Le développement économique ne suit pas une trajectoire standard. Cela dit, en comprenant le parcours des nations qui réussissent et en appliquant les leçons apprises de celui-ci, l’Afrique peut tracer sa propre voie vers un avenir économique plus radieux.
- Premièrement, en investissant dans la ressource humaine. Toute économie prospère repose sur une main-d’œuvre qualifiée, instruite et en bonne santé. Nous devons faire en sorte que chaque enfant ait accès à une éducation de qualité, de l’école primaire à la formation professionnelle et au-delà. Et nous devons nous employer à rendre les soins de santé accessibles.
o Face à ce défi, nous mettons l’IDA à contribution pour réaliser notre objectif de fournir des soins de santé abordables et de qualité à 1,5 milliard de personnes dans le monde en cinq ans, étendre nos interventions à de nouvelles communautés et élargir la portée de nos services à toutes les étapes de la vie d’un individu.
- Deuxièmement, en construisant des infrastructures efficaces et robustes. Il s’agit non seulement de routes et de ponts, mais aussi d’infrastructures énergétiques. Je crois fermement que l’accès à l’électricité est un droit humain fondamental et qu’il est à la base de tout effort de développement couronné de succès.
o Pourtant, la moitié de la population africaine, soit 600 millions de personnes, n’a pas accès à l’électricité. C’est pourquoi nous nous employons à fournir de l’énergie à 300 millions d’Africains d’ici 2030 — 250 millions de personnes pour la Banque et 50 millions pour la Banque africaine de développement.
- Troisièmement, en soutenant des secteurs créateurs d’emplois comme l’agriculture et la logistique, où le secteur privé pourrait à terme intervenir pour aider les agriculteurs à intégrer de nouveaux marchés, les entrepreneurs à se rapprocher des clients et les jeunes à accéder à l’information et aux possibilités.
o Il s’agit là d’un domaine d’intervention à fort potentiel économique.
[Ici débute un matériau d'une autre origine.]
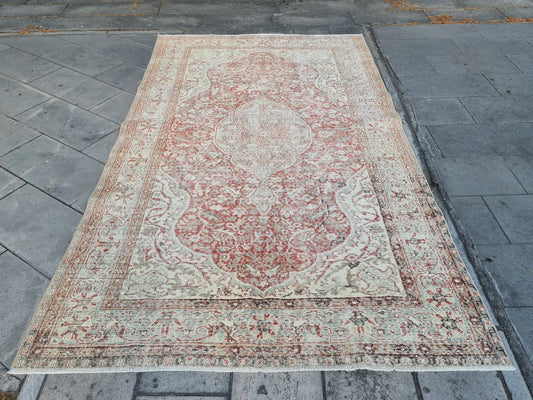 XL Vintage Turkish Accent Area Rug 5.5 x 9.2 ft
Mais deux problèmes se posent : premièrement, 6 % seulement des terres agricoles sont irriguées, contre 37 % en Asie ; et deuxièmement, l’Afrique a l’un des taux d’utilisation d’engrais les plus faibles au monde, ce qui induit des rendements représentant le tiers de la moyenne mondiale. En investissant de manière ciblée dans le bon engrais pour le bon sol — et dans l’irrigation —, nous pouvons pratiquer une agriculture responsable ET créer des opportunités.
o De tels investissements aident les communautés à gravir l’échelle économique et à faire en sorte que ce qui est fabriqué en Afrique ne soit pas seulement destiné à l’Afrique, mais que cela puisse être acheté HORS du continent.
La Banque mondiale est déterminée à jouer sa partition dans tous ces domaines. Nous continuerons de mettre à disposition des ressources financières, des compétences techniques et des conseils sur les politiques à suivre ; travaillant aux côtés des autorités nationales pour les aider à mettre en œuvre les réformes difficiles dans lesquelles elles s’engagent.
Nous sommes rejoints dans cette démarche par une armée d’amis et de partenaires issus du secteur privé et d’organisations militantes. Dans quelques instants, vous entendrez les dirigeants de cette coalition unique en son genre qui agissent sans tarder en faveur de l’IDA et de l’Afrique.
Leur action est déterminante pour faire en sorte que les pouvoirs publics disposent des ressources et du soutien dont ils ont besoin pour réaliser le potentiel de chaque nation.
Et je me réjouis à la perspective de les retrouver plus tard dans l’année, à l’occasion du Sommet économique africain, pour soutenir la Vingtième reconstitution des ressources de l’IDA.
Mais la responsabilité ultime incombe à l’Afrique elle-même. Ses dirigeants doivent adopter des réformes audacieuses, lutter contre la corruption et investir dans leur population. Ils doivent créer un environnement où la créativité s’épanouit et où l’innovation prospère.
L’avenir de l’Afrique n’est pas déterminé à l’avance. C’est un choix. Un choix entre stagnation et progrès, entre désespoir et espoir. Choisissons non pas la voie du moindre effort, mais celle qui offre le plus de potentiel. Faisons le choix d’un avenir meilleur et plus prospère pour l’Afrique, un avenir où chaque enfant a la possibilité de s’épanouir.